An ancient cemetery in northern Chile’s Atacama Desert is helping to rewrite the region’s past. This burial ground housed the remains of a far-flung, well-connected group of players in what was one of South America’s earliest trade networks, researchers say.
New findings from the roughly 1,500-year-old Larache cemetery support the idea that trade bloomed among societies in the Andes Mountains — but without the direct involvement of the powerful Tiwanaku empire, say bioarchaeologist Christina Torres-Rouff of the University of California, Merced and her colleagues. Tiwanaku society was based in what’s now western Bolivia, but expanded its trading in South America between around 1,500 and 1,000 years ago. Maya civilization flourished during that time in Central America.
Decades-old suspicions that the Larache cemetery, part of an Atacama settlement in an oasis area, was reserved for Tiwanaku emissaries or traders don’t hold up, Torres-Rouff’s group reports online August 12 in the American Journal of Physical Anthropology. Instead, an analysis of head shapes, diets and grave goods indicates that the cemetery held a mix of locals and outsiders. These people belonged to an elite group that administered the local distribution of goods trafficked though a regional trade system, the investigators suspect.
Researchers have debated the nature and extent of relations between Tiwanaku and populations in northern Chile for about 60 years. “I am not surprised that the old model of an ethnic enclave of Tiwanaku traders buried in Larache cemetery is turning out to be too simplistic,” remarks archaeologist William Isbell of Binghamton University in New York.Torres-Rouff’s team studied the skeletal remains of 48 people interred at the desert site. Three women and one man were buried with gold items, including drinking cups, unlike those found at other Atacama Desert cemeteries. Whether interred with gold or not, all of the deceased were part of an elite group of trade specialists, Torres-Rouff proposes. Their graves included decorative metal plaques and axe heads, jewelry and tools made of tin or bronze.
One clue to the cultural origins of the deceased came from their unusual head shapes. Twenty individuals had elongated braincases. Atacama societies and nearby inland groups intentionally achieved this look by wrapping babies’ heads tightly in cloth strips. Another five individuals sported unusually broad braincases. This style, produced by placing pressure on infants’ heads with boards or pads, was more common in Tiwanaku society and on the northern Chilean coast.

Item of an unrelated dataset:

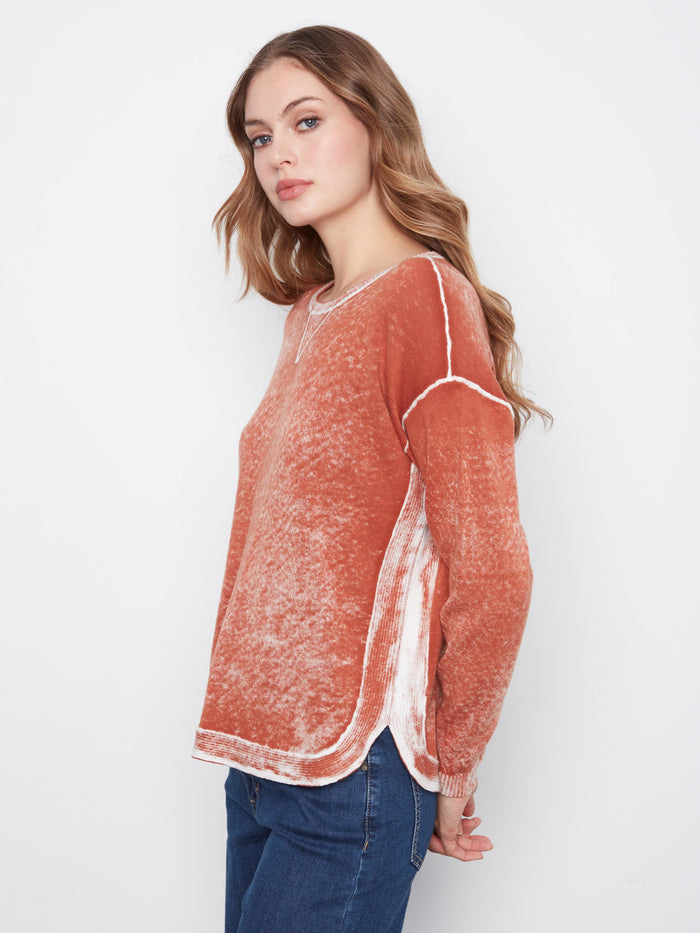 This sweater boasts drop shoulders and a stylish washed finish, perfect for effortless style by Charlie B.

All four individuals buried with gold objects had elongated braincases.
Researchers also tested the teeth of 18 individuals for two forms of the element strontium. Strontium from local rock formations collects in tooth enamel as it forms during childhood. Specific strontium ratios can be traced to particular areas. Five people, including one buried with gold objects, displayed signs of having grown up outside the Atacama Desert.
Examination of carbon variants in bones from the same 18 people indicated that three of those with foreign strontium signatures had eaten different foods from the rest. Those individuals probably came from maize-growing regions in Bolivia not far from Tiwanaku, the scientists say.
All five foreigners displayed no or only minor head alterations. An absence of this obvious sign of being foreign may have helped outsiders gain acceptance in desert communities, the researchers suspect.
While some graves contained locally produced pottery, each burial contained objects that were foreign to the Atacama region. That’s consistent with individuals buried there having been viewed as a uniform group, despite their varied geographic origins, the investigators say.